Hurricane Hits Abaco Island in Bahamas
Posted on: Saturday, 25 September 2004, 06:00 CDT
FREEPORT, Bahamas - Hurricane Jeanne lashed the Bahamas with violent winds and torrential rains Saturday, making a direct hit on Abaco island and threatening the country's second-largest city, Freeport. Hundreds of people took refuge in emergency shelters.
Jeanne's fierce eye made a direct hit on northwestern Abaco island Saturday morning, said Jorge Aguirre, a meteorologist at the U.S. National Hurricane Center in Miami. The storm was forecast to stir up dangerous surf and rip currents, and dump up to 10 inches of rain.
About 700 evacuees were riding out the storm at a school in Marsh Harbor, a town on Abaco island.
"The wind is howling," said Richard Fawkes, a 52-year-old Bahamian. "It's really coming with intensity now."
He said the metal shutters on the windows were rattling in the fierce gusts and that water was seeping inside.
Jeanne's sustained winds increased to 105 mph early Saturday before it hit Abaco, which has a population of 20,000. Forecasters said the hurricane will next tear into Grand Bahama, where more than 70,000 live, many of them in Freeport. The storm was afterward expected to strengthen and head toward Florida's southeast coast.
Bahamian officials urged people to evacuate low-lying homes, and shelters were set up in schools and churches on the northwestern islands of Eleuthera, Abaco and Grand Bahama.
Fawkes said he boarded up his beachfront home, which made it through Hurricane Frances largely unscathed three weeks ago, with only some shingles blown off. But this time he worried about rising waters; forecasts said Jeanne could send the sea surging up to eight feet above normal tide levels.
"We can't do anything if the water rises," Fawkes said. "I think people have a lot of battle fatigue from Frances."
Jeanne hit the Bahamas three weeks after the low-lying island chain took a beating from Frances, which killed two people and damaged thousands of homes. Frances toppled rows of power lines, flattened homes and uprooted trees during a two-day lashing of Grand Bahama island.

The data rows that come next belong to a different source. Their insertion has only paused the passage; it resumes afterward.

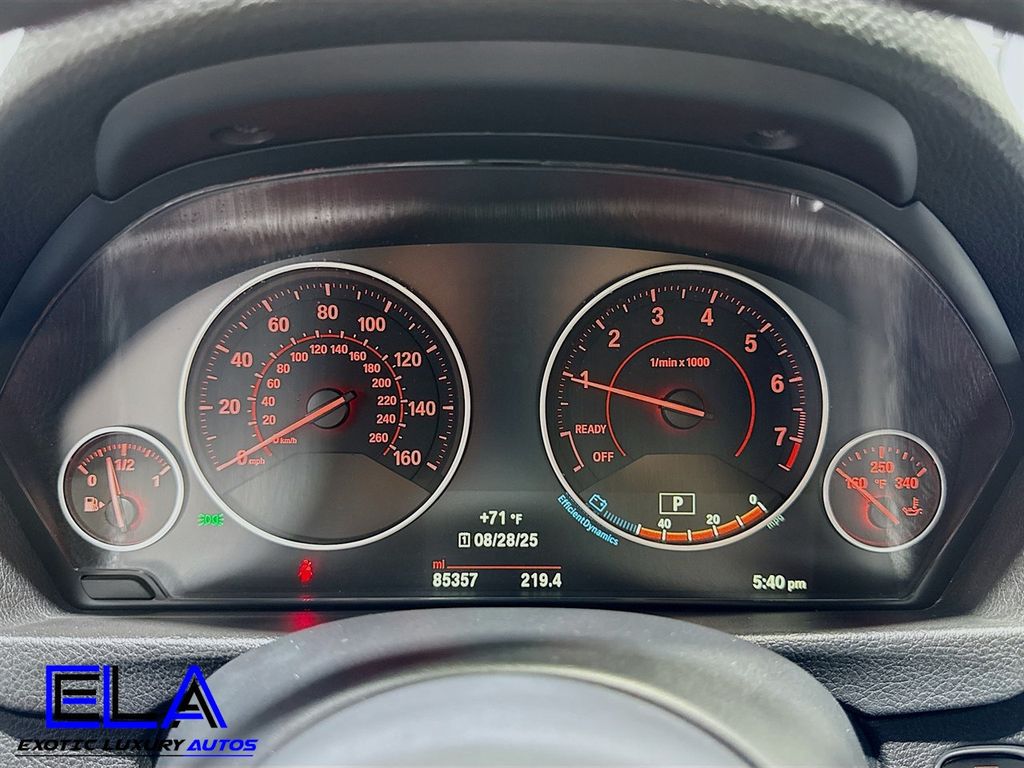 2015 BMW 3 Series HEADS UP DISPLAY! LANE ASSIST! M PACK! 3D CAMERA LOADED UP CLEAN - 22895530 - 12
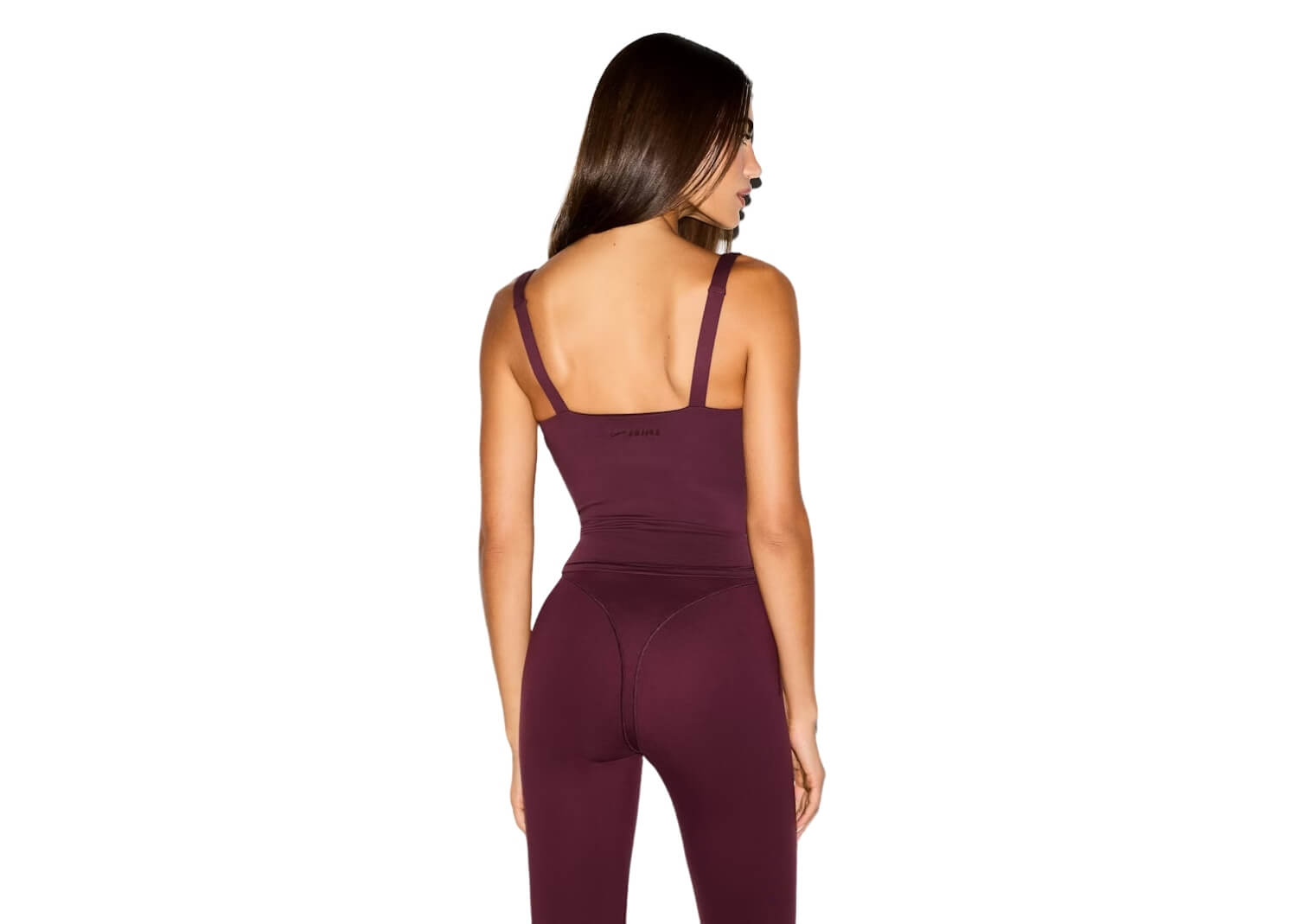 Nike x SKIMS Women’s Matte Square Neck Tank Currant 3
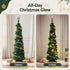 160cm Pop-Up Pre-Decorated Christmas Tree with LED Lights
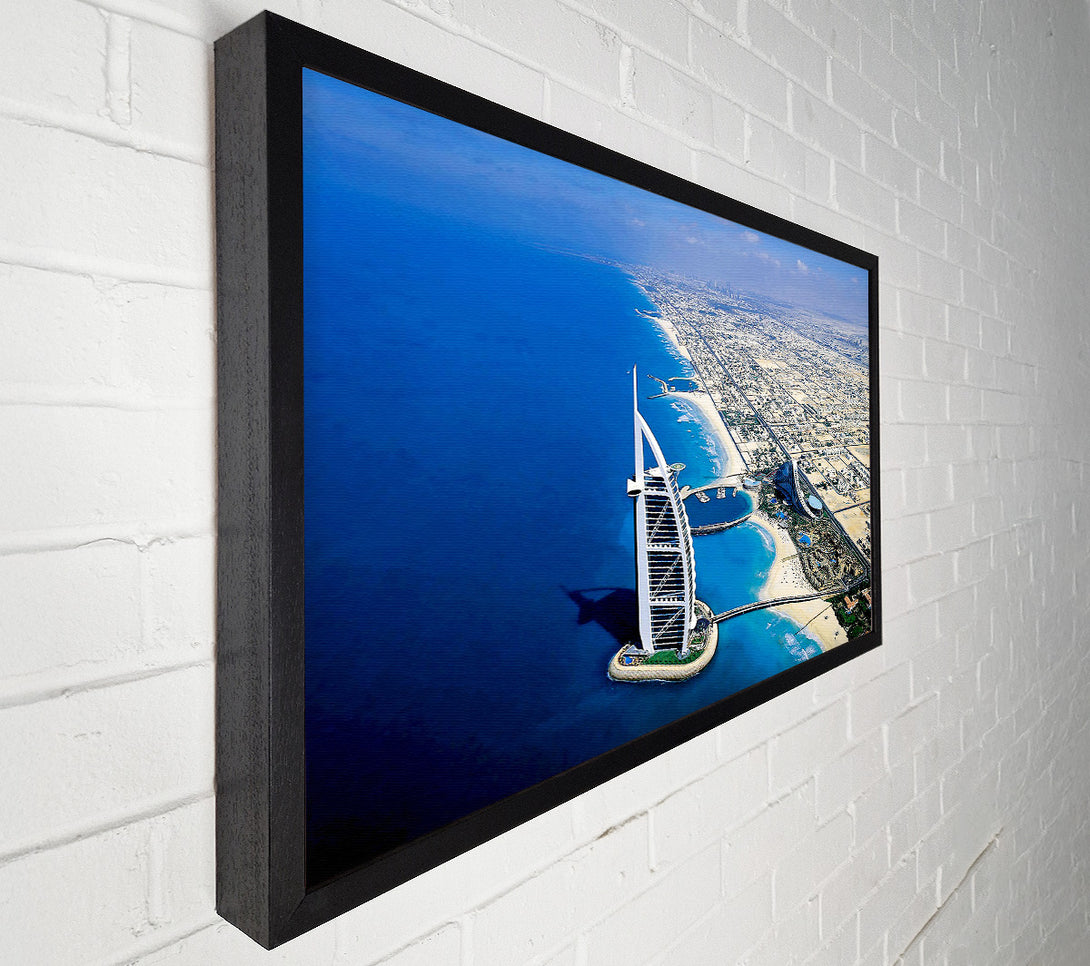  A Canvas Print of Dubai Beach Front Canvas Art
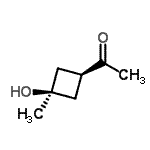 CAS#: 107693-34-5， 1-(cis-3-Hydroxy-3-Methylcyclobutyl)Ethanone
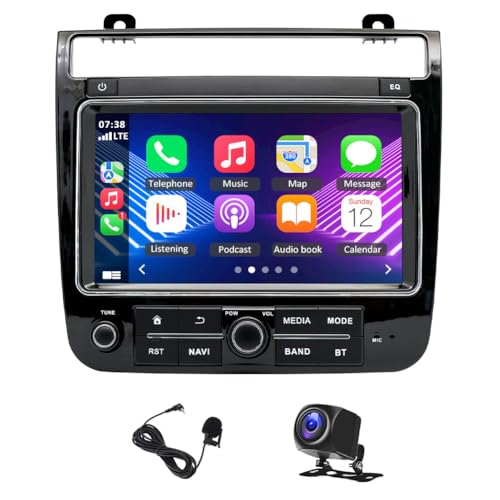 Autoradio tactile 8" pour Touareg : remplacez votre vieux système par Carplay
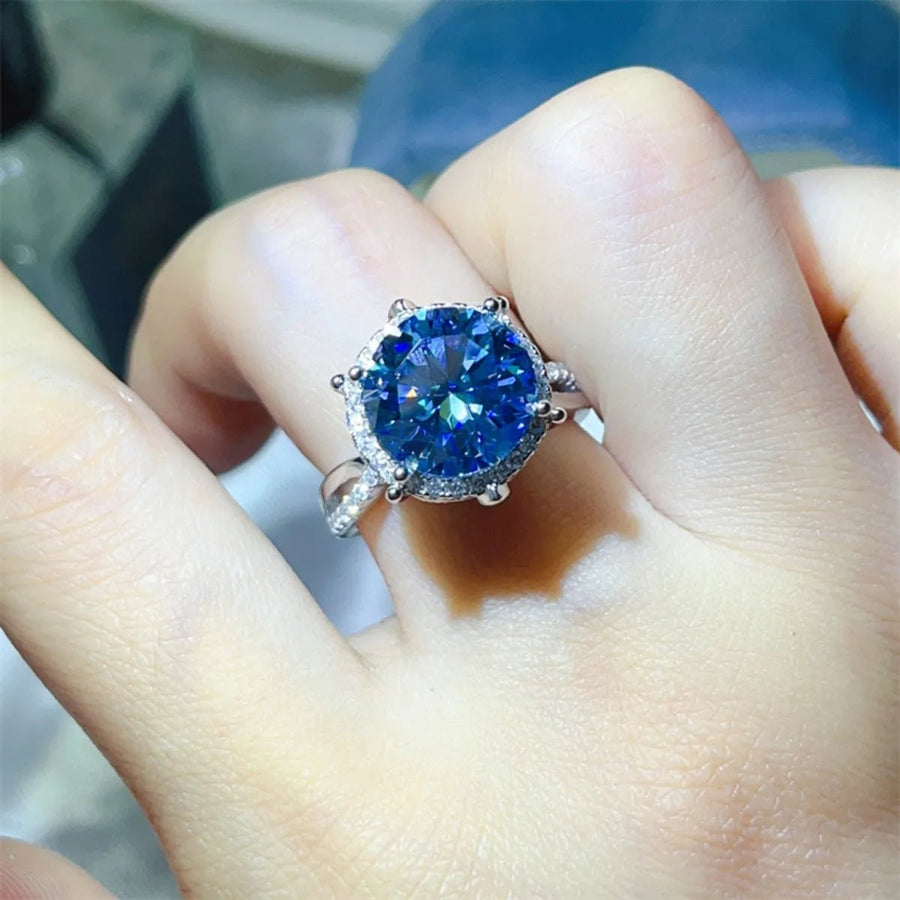 5 Carat Moissanite Halo Engagement Ring - Coolpeacock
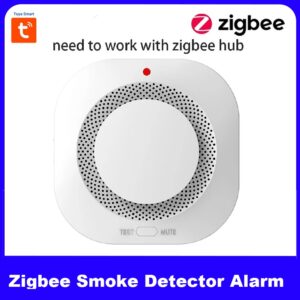 Tuya Zigbee Smoke Detector With Zigbee Hub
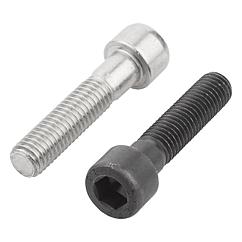 K0869 Kipp Socket head screws DIN 912 / DIN EN ISO 4762, steel or stainless steel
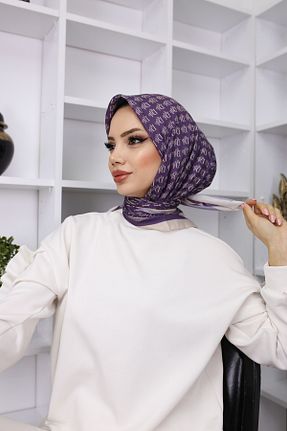 روسری بنفش پنبه ای HAR-UM Ticaret - کد 897005272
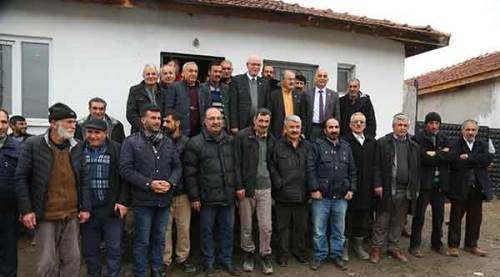 Kurt ve Büyükerşen Kireç sakinleriyle buluştu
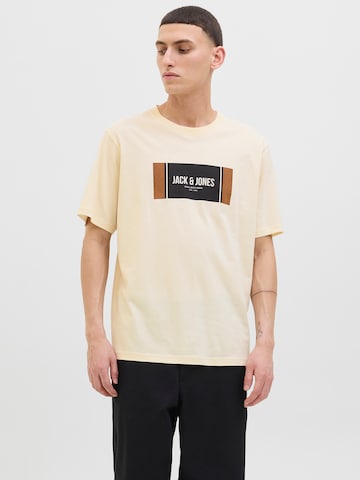 balta JACK & JONES Marškinėliai 'JJHAYATO': priekis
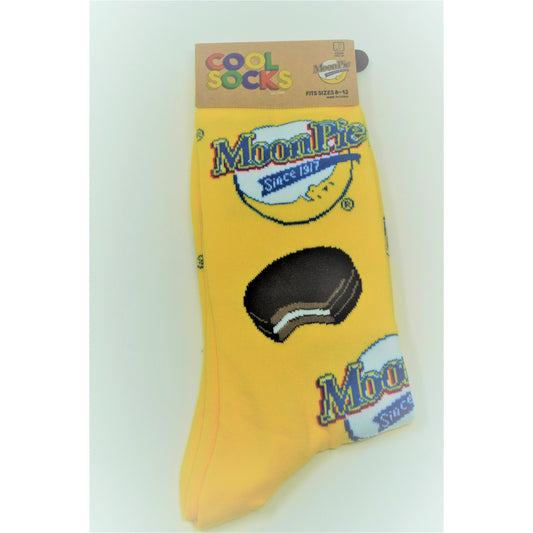 MoonPie Crew Socks-Yellow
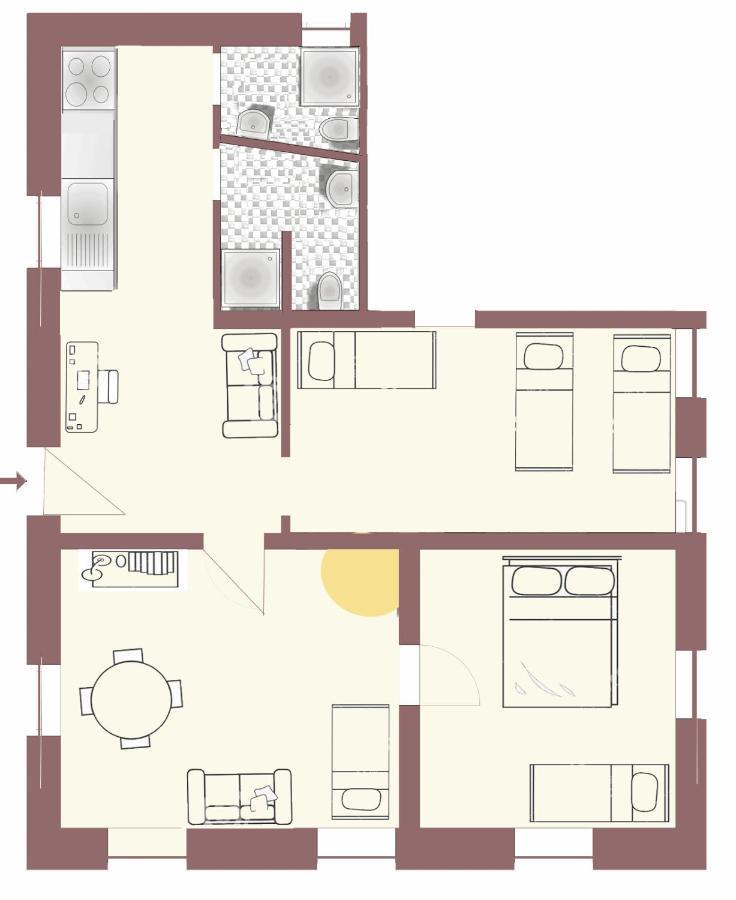 Ferienwohnung Elfriede - Wlan, 2 Baeder, Kueche, Freisitz, 2 Parkplaetze, Im Ortskern Malterdingen Dış mekan fotoğraf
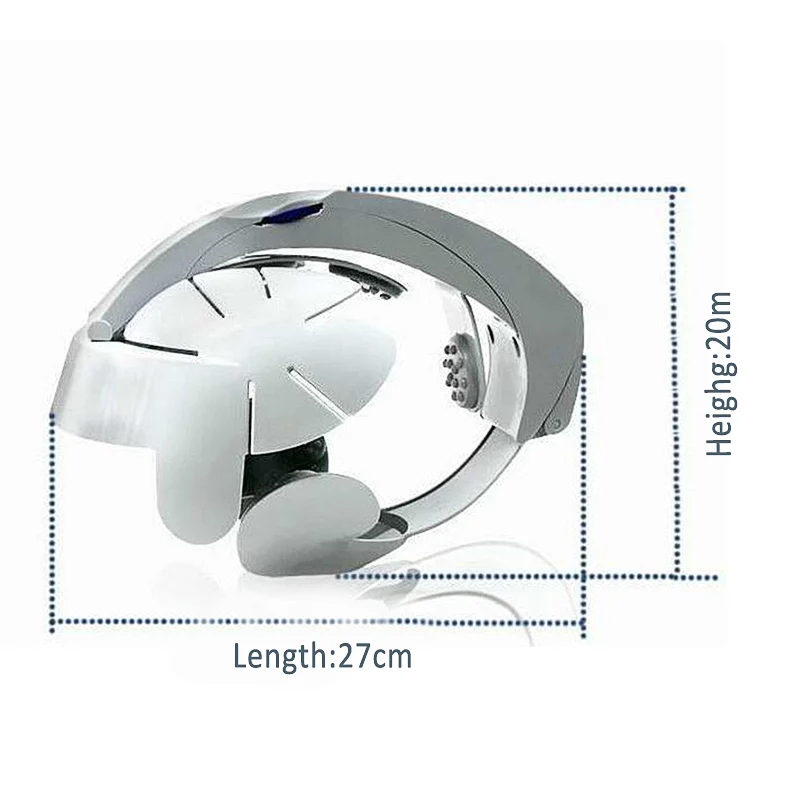 Электрический массажный шлем для головы, расслабляющий мозги, вибрационные акупунктурные точки, забота о здоровье, дропшиппинг, DFA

Many homes still have roofs patched with plastic sheeting, and some homeless residents are still living with relatives or neighbors.
Jeanne struck the Bahamas after devastating last weekend Haiti last weekend while it was a tropical storm. Floods in Haiti killed more than 1,100 and left more than 1,250 missing.
On Friday, people waited in long lines at gas stations in Freeport, crowded into stores to stock up on food and water, and rushed to secure plywood over their windows.
At 8 a.m. EDT, Jeanne was just over Marsh Harbor on Abaco island, and 190 miles east of Florida's southeast coast. It was moving west near 14 mph. Hurricane-force winds extended 70 miles from the center and tropical storm-force winds to 205 miles.
A hurricane warning covered the northwest Bahamas and parts of Florida's east coast, and a tropical storm watch the central Bahamian islands and parts of the northeast Florida and Georgia coasts. Tropical storm-force winds were forecast in the Bahamian capital of Nassau.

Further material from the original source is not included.